Beginning with the line that holds "Goliath Coloring Page", write out each line exactly as it stands until the end of the data, and include no pictures.

***** Material provided *****

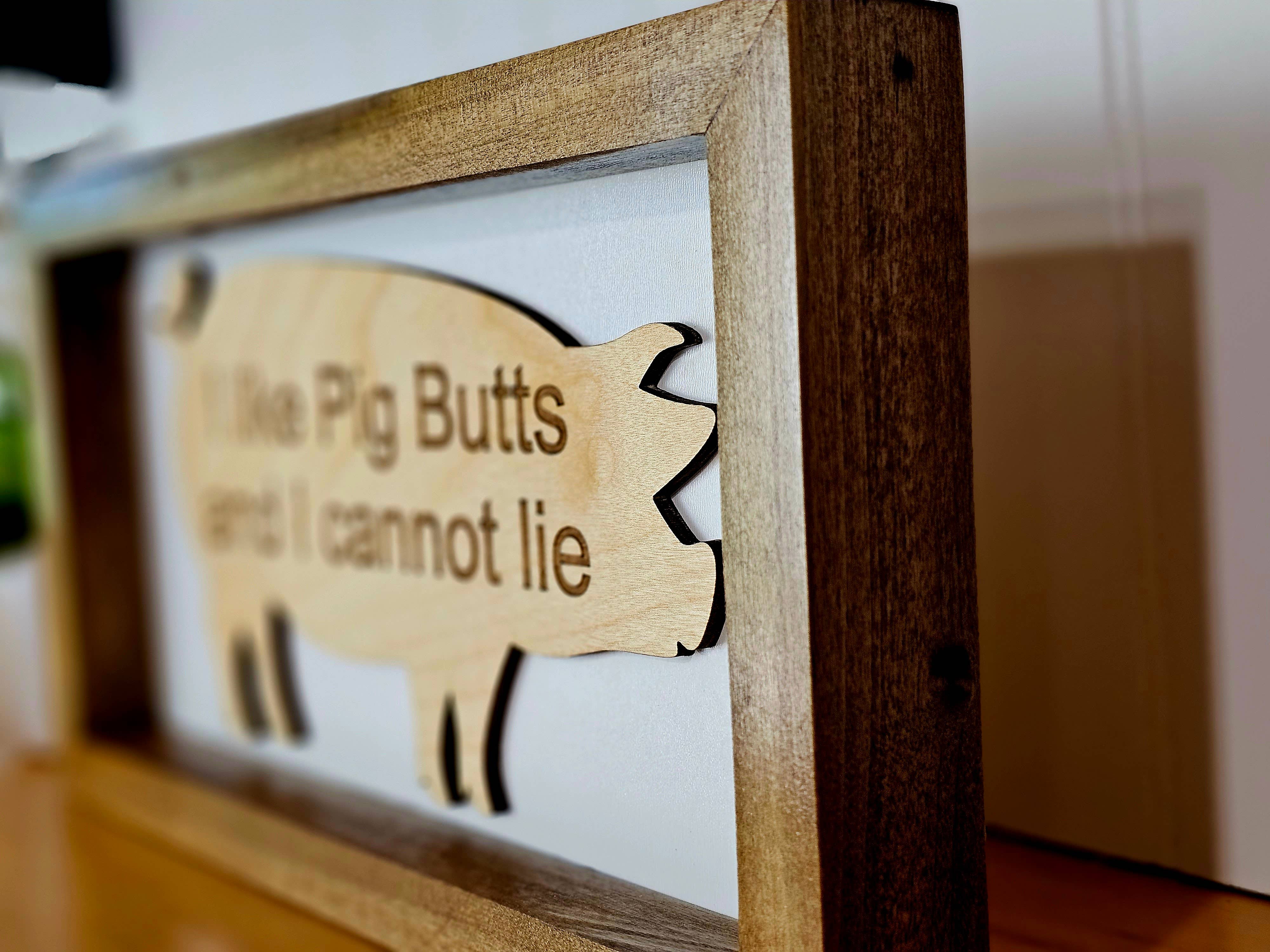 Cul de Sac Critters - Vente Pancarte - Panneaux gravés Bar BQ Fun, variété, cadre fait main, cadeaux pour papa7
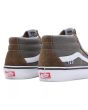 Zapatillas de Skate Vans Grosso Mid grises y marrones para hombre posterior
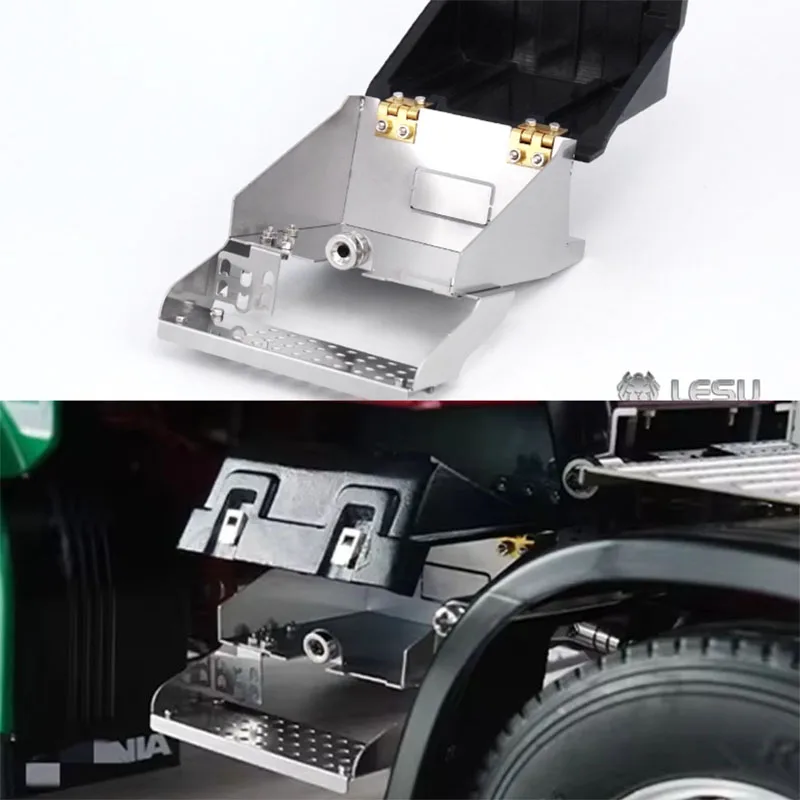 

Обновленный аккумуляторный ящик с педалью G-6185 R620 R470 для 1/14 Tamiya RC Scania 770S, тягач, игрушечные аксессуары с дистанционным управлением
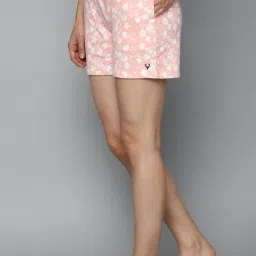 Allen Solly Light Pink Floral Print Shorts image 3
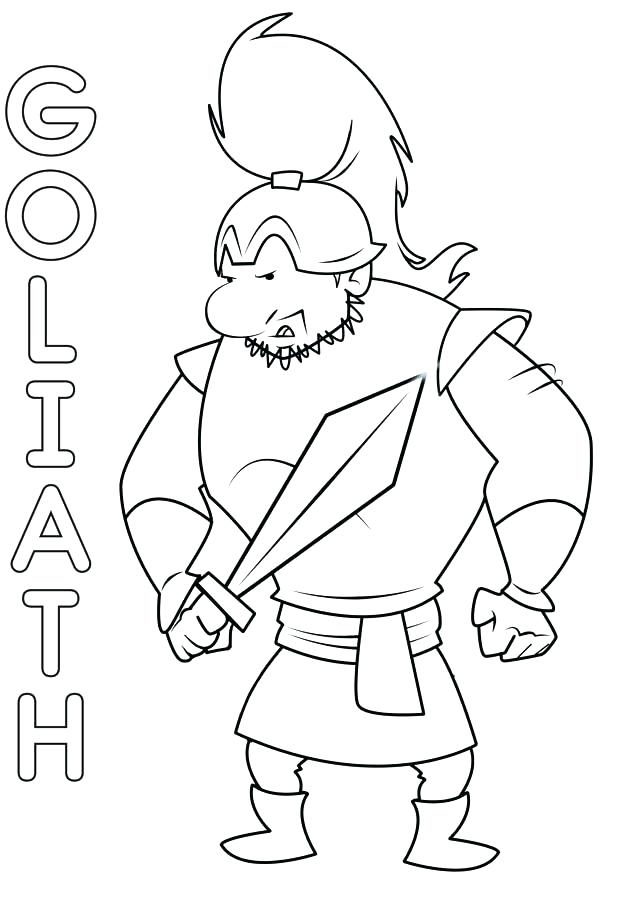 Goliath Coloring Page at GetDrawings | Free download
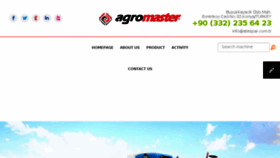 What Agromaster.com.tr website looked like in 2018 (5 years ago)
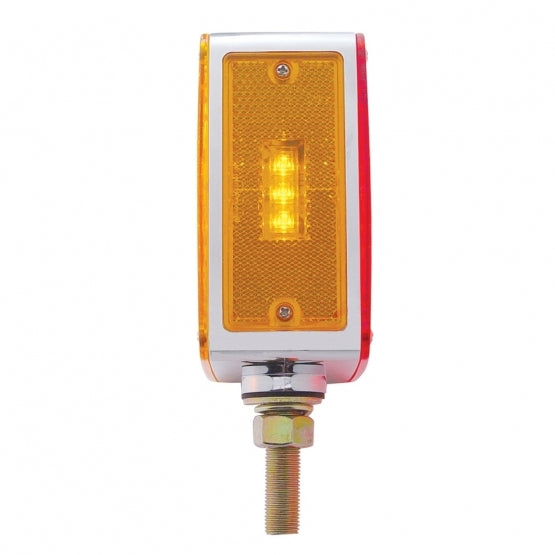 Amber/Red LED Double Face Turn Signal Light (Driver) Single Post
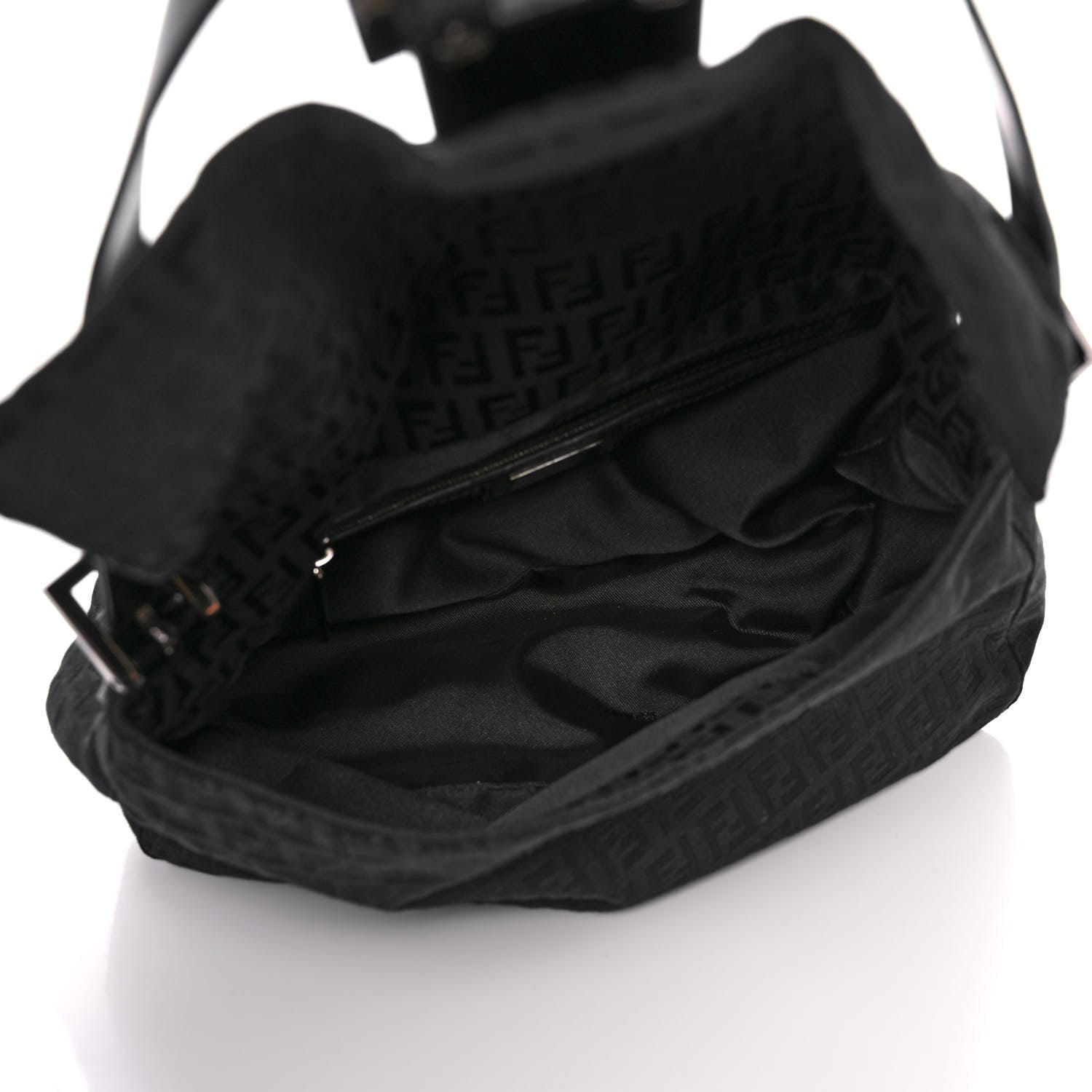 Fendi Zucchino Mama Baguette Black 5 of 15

*****

■ **Task solution**
 Goliath Coloring Page at GetDrawings | Free download
 What Agromaster.com.tr website looked like in 2018 (5 years ago)
 Amber/Red LED Double Face Turn Signal Light (Driver) Single Post
 Fendi Zucchino Mama Baguette Black 5 of 15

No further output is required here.